Supervised Learning Formulation

Treat IL as supervised learning:

\[ \min_\theta \mathbb{E}_{(s,a) \sim \mathcal{D}} \left[ \ell(\pi_\theta(s), a) \right] \]

Where \(\ell\) is a loss function: - Continuous actions: MSE loss \(\ell(a', a) = \|a' - a\|^2\) - Discrete actions: Cross-entropy \(\ell(a', a) = -\log \pi_\theta(a|s)\)

def behavioral_cloning_loss(policy, demonstrations):
    """
    BC minimizes distance between policy and expert actions

    For continuous actions: MSE
    For discrete actions: Cross-entropy
    """
    total_loss = 0

    for (state, expert_action) in demonstrations:
        # Predict action
        predicted_action = policy(state)

        # Loss
        if continuous:
            loss = torch.nn.functional.mse_loss(predicted_action, expert_action)
        else:
            loss = torch.nn.functional.cross_entropy(predicted_action, expert_action)

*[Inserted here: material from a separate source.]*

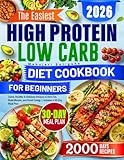 The Easiest High Protein Low Carb Diet Cookbook for Beginners: Quick, Healthy & Delicious Recipes to Burn Fat, Build Muscle, and Boost Energy | Includes a 30-Day Meal Plan
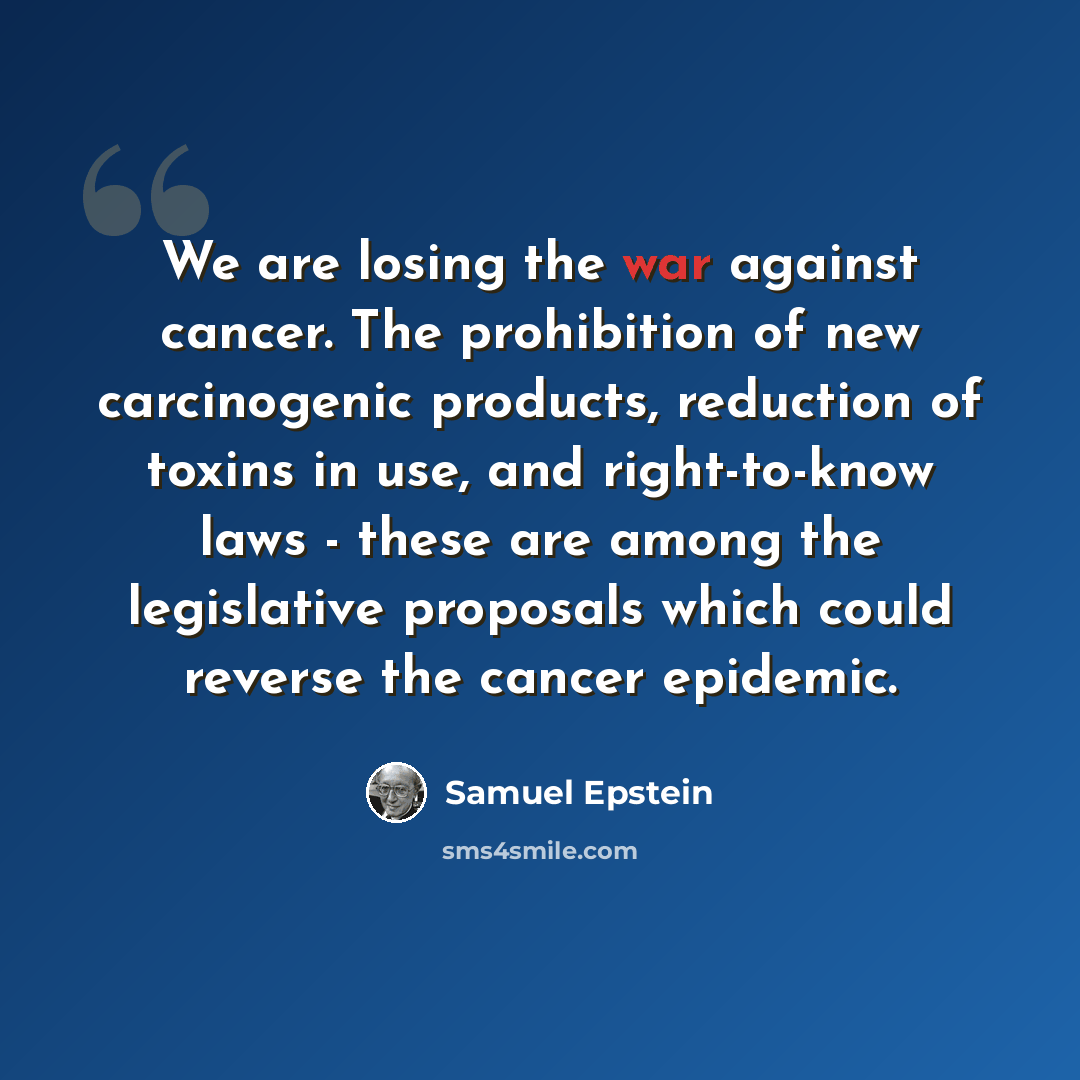 “We are losing the war against cancer. The prohibition of new carcinogenic products, reduction of toxins in use, and right-to-know laws - these are among the legislative proposals which could reverse the cancer epidemic.” quote by Samuel Epstein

        total_loss += loss

    return total_loss / len(demonstrations)

Theoretical Guarantee

Under some assumptions, BC has bounded performance:

\[ J(\pi^E) - J(\pi_{BC}) \leq \frac{2\gamma T^2 C}{(1-\gamma)^2} \cdot \epsilon \]

Where: - \(J(\pi)\): Expected return of policy \(\pi\) - \(T\): Horizon length - \(C\): Constant depending on dynamics - \(\epsilon = \mathbb{E}_{s \sim d_{\pi^E}}[\text{KL}(\pi^E(\cdot|s) || \pi_{BC}(\cdot|s))]\): Average KL divergence

Key insight: Performance gap grows quadratically with horizon \(T\)!

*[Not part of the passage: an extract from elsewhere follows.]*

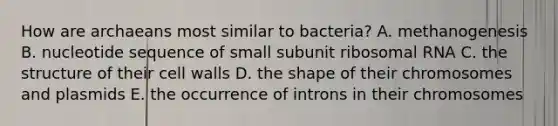 How are archaeans most similar to bacteria? A. methanogenesis B. nucleotide sequence of small subunit ribosomal RNA C. the structure of their cell walls D. the shape of their chromosomes and plasmids E. the occurrence of introns in their chromosomes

The Compounding Error Problem

Why BC fails for long horizons:

  1. Small errors accumulate: Even if \(\epsilon\) small, errors compound over \(T\) steps
  2. Distribution shift: Policy visits different states than expert
# Visualization of compounding errors
import matplotlib.pyplot as plt

def simulate_compounding_errors(expert_policy, learned_policy, T=100):
    """Show how small errors compound"""

    expert_states = [s0]
    learned_states = [s0]

    for t in range(T):
        # Expert trajectory
        a_expert = expert_policy(expert_states[-1])
        s_next_expert = dynamics(expert_states[-1], a_expert)
        expert_states.append(s_next_expert)

        # Learned policy trajectory
        a_learned = learned_policy(learned_states[-1])
        s_next_learned = dynamics(learned_states[-1], a_learned)
        learned_states.append(s_next_learned)

    # Plot distance over time
    distances = [
        np.linalg.norm(expert_states[t] - learned_states[t])
        for t in range(T+1)
    ]

    plt.plot(distances)
    plt.xlabel('Timestep')
    plt.ylabel('State Distance')
    plt.title('Compounding Errors in Behavioral Cloning')
    plt.show()

    # Distance grows roughly linearly or exponentially!

Distribution Mismatch

Definitions

Expert state distribution: $$ d_{\pi^E}(s) = \sum_{t=0}^{\infty} \gamma^t P(s_t = s | \pi^E) $$

Learned policy state distribution: $$ d_{\pi_\theta}(s) = \sum_{t=0}^{\infty} \gamma^t P(s_t = s | \pi_\theta) $$

Problem: BC minimizes loss under \(d_{\pi^E}\), but policy executes under \(d_{\pi_\theta}\)!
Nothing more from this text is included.